There are more than (an already understated) $905 billion worth of tax breaks allowed under US tax code. Approximately $530 billion of that goes to corporations and tax codes benefitting the middle upper class. Even federal tax credits for higher education, targeted at lower incomes, mostly benefit middle and upper income households. With the exception of the Earned Income Tax Credit and the Child Tax Credit, tax benefits disproportionately help those who pay hefty income taxes. Because lower income citizens don’t have large liabilities—they are in effect left out of the system. Though about 96 per cent of Americans benefit from some type of government social program, the quality of that gained by the necessitous is significantly lower than the middle and upper echelons.

The Affordable Care Act, or Obamacare, is not a sustainable solution. The penurious are better off under the health reform, with the targeted groups of young, Black, and Hispanic being successfully covered. Unfortunately, numbers suggest that new options may be unappealing or out of reach for the middle class, causing their take up percentages to be lower. It is effectively fighting back inequality, but the results might be temporary. Proponents will cite the lower than expected costs of the program. But the reason that it’s true is because expected enrollments have fallen. So while 9 million Americans gained insurance coverage in 2015, the amount of healthy people (calculated through exchange enrollments) subsidizing the overall risk pool is not enough to keep insurance prices from rising.
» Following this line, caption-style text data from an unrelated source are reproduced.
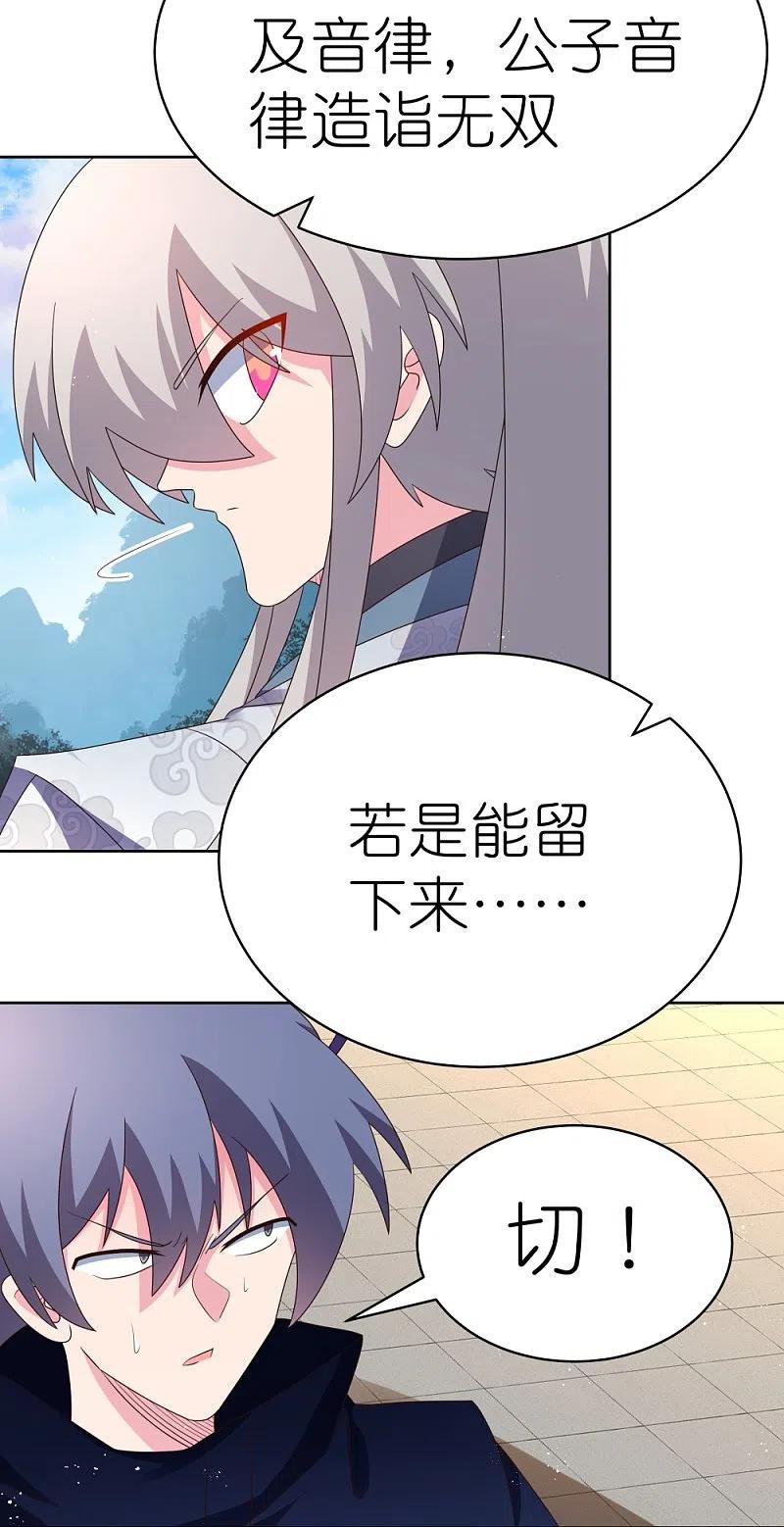 《尊上》第403话 造诣无双 第30页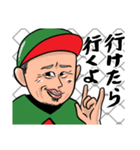NANKAI FOXの難解なスタンプ（個別スタンプ：15）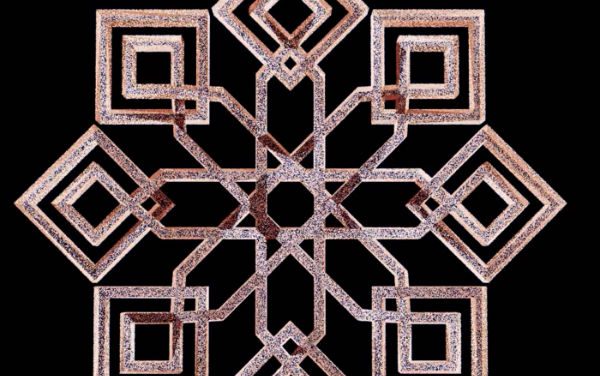 [premiere] Noosfære – Persian Symmetry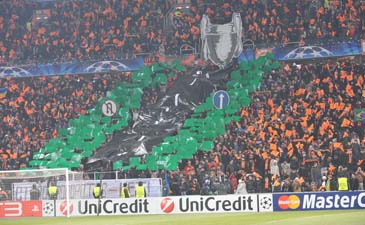 Фото Валерия Дудуша, Football.ua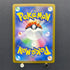 Flutter Mane AR 076/071 Pokemon card Wild Force sv5k (2.LP)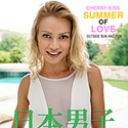 素人金髪とゴージャスな青姦３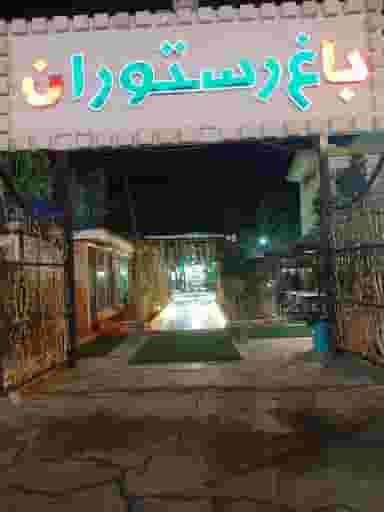 باغ رستوران اعیانی در شهر قم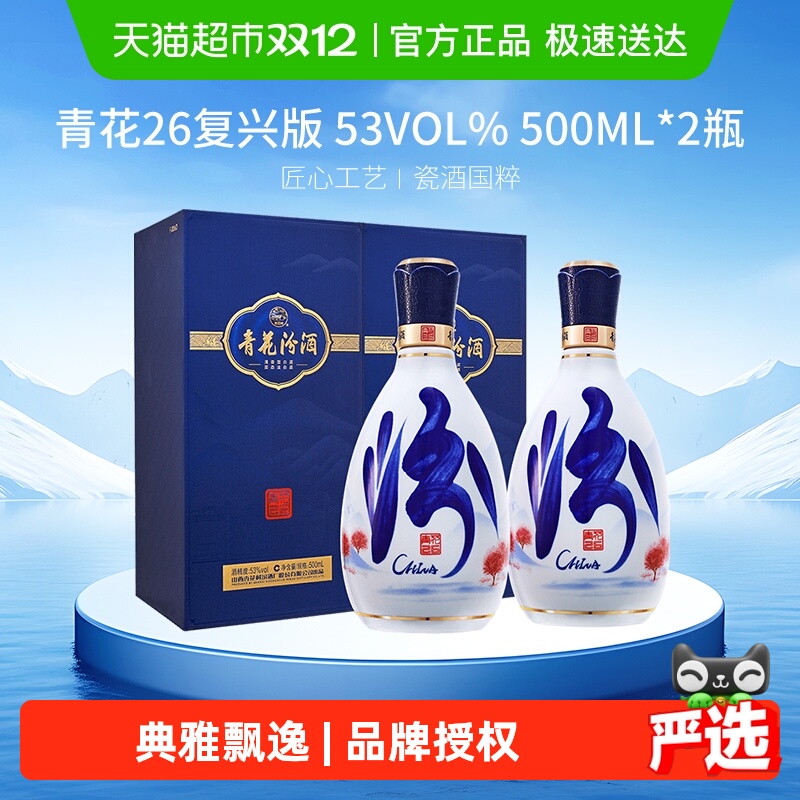 【重磅新品】汾酒山西杏花村53度青花26复兴版500ml*2瓶白酒送礼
Sweeping improvements are difficult to come into fruition, but it does not justify defaulting to a single-payer healthcare system. Bear in mind that additional tax revenue to fund this system would mean putting pressure on the middle class, not just the wealthy. If it were proposed, Americans would vote against it because many already have good coverage through their employers. It is, however, politically feasible to enact equalizing tax breaks that refund, instead of deduct below a certain income. Regulations mandating the private sector to provide a more thorough array of assistance to the population are urgently needed for the lower class, and can be improved on for a more robust middle class. The UK’s success in targeting impecunious households offsets the 14.5 per cent cash benefit of an average British household’s disposable income to the OECD average of 21.9 per cent. Compared to the US, where only 7 per cent of direct public spending goes to income considered programs. Being that there are few US policies that emphasise helping the disadvantaged, increasing social programs can be considered. But the main focus on targeting tax-based subsidies and private social spending should not be lost. It is unquestionable that the United States welfare state needs to be reformed, but there’s no reason for Americans to fall to the international peer pressure of having “free” healthcare.